Detailed administrative guidelines on the requirements and application process for the investment premium would be expected.

Tax loss carryback

Currently, Austria only provides for tax loss carryforwards—losses can be carried forward indefinitely and for corporations may be used for up to 75% of taxable income in any given year.

The proposal would introduce limited tax loss carryback rules for entrepreneurs (that is, those subject to income tax) and corporations.

In general, any business income tax losses incurred in 2020 would be available to apply against taxable income in 2019 up to a maximum amount of €5 million. If application of the tax loss carryback would not be possible for 2019 (e.g., because the taxable profit is too low), the 2020 loss carryback could be further carried back and applied against taxable profit for 2018 (subject to further requirements to be published in an ordinance to be issued by the Ministry of Finance). Any tax losses from 2020 that are not carried back would treated as “normal” tax loss carryforwards that could be used against taxable income in future years.

For Austrian tax groups (as defined by Article 9 of the corporate income tax law) additional rules would need to be considered, including:

  • Only the group parent corporation (that is the sole taxpayer of the tax group) could apply for the loss carryback.
  • Tax losses carried back would need to be applied against the group’s income.
  • The maximum amount of the carryback would be equal to €5 million for the group parent corporation plus an additional amount of €5 million for every group member. For instance, the tax loss carryback for a tax group consisting of one group parent corporation and four group corporate members would amount to €25 million.

Declining balance depreciation

The proposal would introduce the declining balance method as a depreciation method, to be used alternatively instead of the already existing linear depreciation method.

  • The depreciation rate would be determined by the taxpayer but could not exceed 30% and could not be changed.
  • The depreciation rate would applied to the respective (residual) carrying amount of the asset.
  • The half-year convention according to Article 7 section 2 of the Austrian income tax law would apply.
  • It would be possible to change from the declining balance method to the linear method going forward, but not the other way around.
  • The declining balance method could be applied to assets that are acquired or constructed after 30 June 2020.
  • The declining balance method would need to be applied for GAAP purposes, as well.
  • The declining balance method would not applicable for:
    • Intangible assets
    • Used assets
    • Buildings
    • Passenger cars (unless used for commercial passenger transport or driving school)
    • Plants related to fossil fuels

Accelerated depreciation of buildings

In general, the standard depreciation rate applied annually for buildings for Austrian tax purposes is 1.5% for residential buildings and 2.5% for all other buildings.
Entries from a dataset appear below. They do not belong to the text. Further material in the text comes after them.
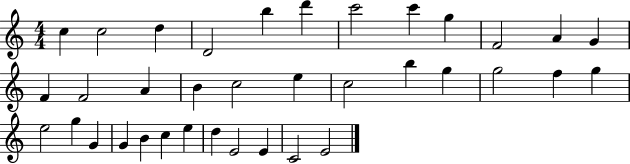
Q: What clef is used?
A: treble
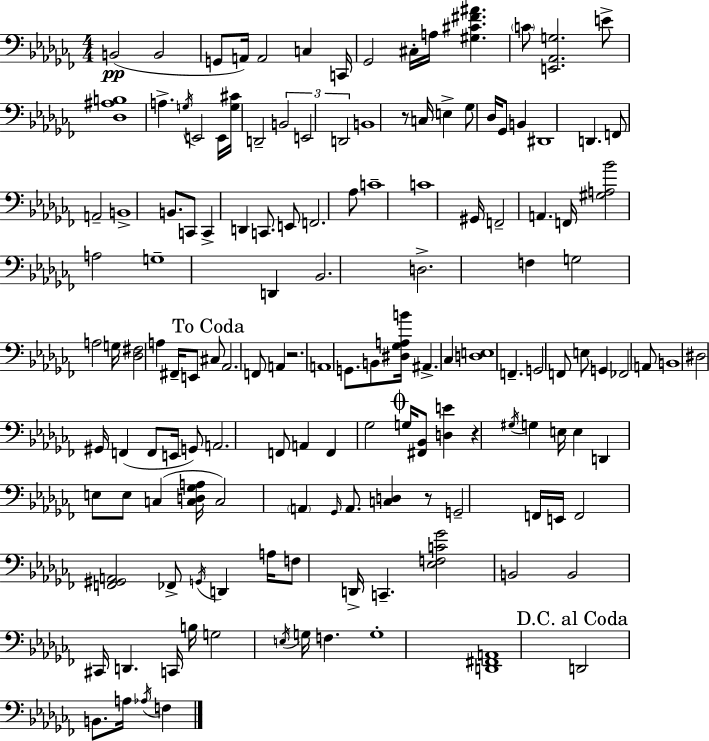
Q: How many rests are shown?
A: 4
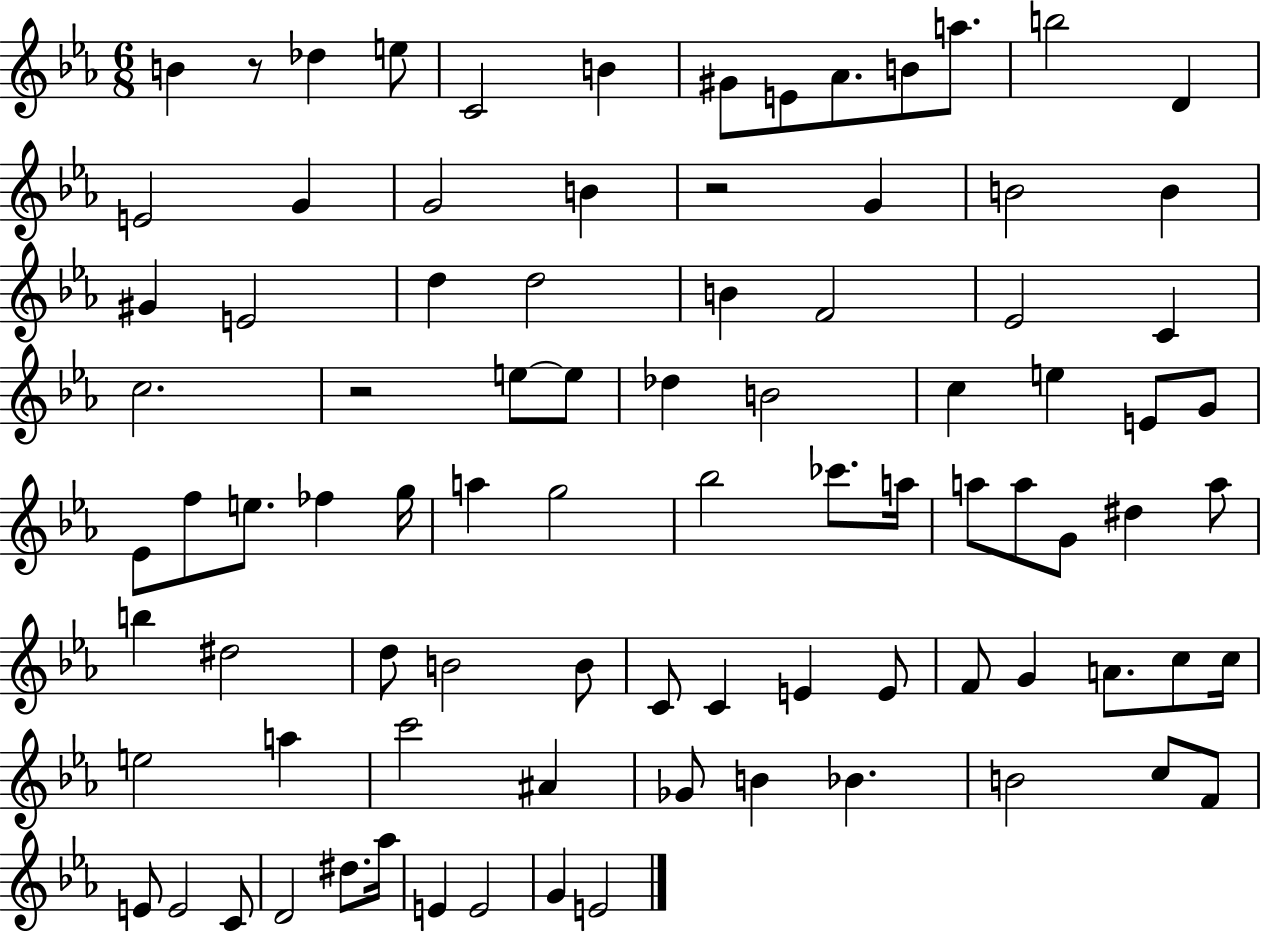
{
  \clef treble
  \numericTimeSignature
  \time 6/8
  \key ees \major
  \repeat volta 2 { b'4 r8 des''4 e''8 | c'2 b'4 | gis'8 e'8 aes'8. b'8 a''8. | b''2 d'4 | \break e'2 g'4 | g'2 b'4 | r2 g'4 | b'2 b'4 | \break gis'4 e'2 | d''4 d''2 | b'4 f'2 | ees'2 c'4 | \break c''2. | r2 e''8~~ e''8 | des''4 b'2 | c''4 e''4 e'8 g'8 | \break ees'8 f''8 e''8. fes''4 g''16 | a''4 g''2 | bes''2 ces'''8. a''16 | a''8 a''8 g'8 dis''4 a''8 | \break b''4 dis''2 | d''8 b'2 b'8 | c'8 c'4 e'4 e'8 | f'8 g'4 a'8. c''8 c''16 | \break e''2 a''4 | c'''2 ais'4 | ges'8 b'4 bes'4. | b'2 c''8 f'8 | \break e'8 e'2 c'8 | d'2 dis''8. aes''16 | e'4 e'2 | g'4 e'2 | \break } \bar "|."
}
However, it is proposed to introduce accelerated depreciation as follows:

  • Depreciation in the first year would be three times the standard rate (7.5% or 4.5%).
  • Depreciation in the second year would be two times the standard rate (5% or 3%).
  • As from the third year, depreciation would equal the standard rate of either 2.5% or 1.5%.
  • Accelerated depreciation would be applicable to buildings that were purchased or constructed after 30 June 2020.

Tax rate reform

Austria’s regular (individual / personal) income tax rates are progressive (ranging from 0% to 55%) and depend on the applicable “income bracket.” The tax rate for the taxable income from €11,000 - €18,000 is currently 25% but is proposed to be reduced (retroactively) to 20% as from 1 January 2020. The maximum tax rate for income over €1 million of 55% would be extended until 2025.